In this study, the importance of variables used to develop the models was calculated. Variable importance represents the statistical significance of each variable in the data set concerning its effect on the model generated [26]. For germination capacity, the PLS-DA (Figure 1f) and the LDA (Figure 1h) model revealed eleven wavelengths (1221, 1902, 2029, 2037, 2045, 2230, 2259, 2289, 2309, 2320, and 2351 nm) and six variables from X-ray images (relative density, integrated density, median gray level, kurtosis, filling.1, and internal free space), respectively, with greater contribution for the models (threshold >50%). For seed vigor, five wavelengths contributed more to the PLS-DA model (1889, 1902, 2289, 2309, 2259 nm) (Figure 1h), and two X-ray variables (relative density and median gray) reached a contribution greater than 50% (Figure 1i).

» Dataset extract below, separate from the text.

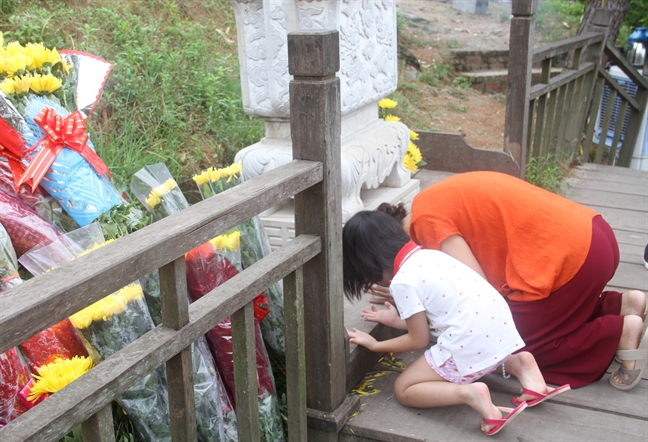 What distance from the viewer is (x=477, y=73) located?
27.1 ft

3.2. Machine Learning Models
We developed models for seed quality classification using X-ray image features and NIR data, individually or combined. The models were developed to predict seed germination capacity and seed vigor (speed to generate normal seedlings).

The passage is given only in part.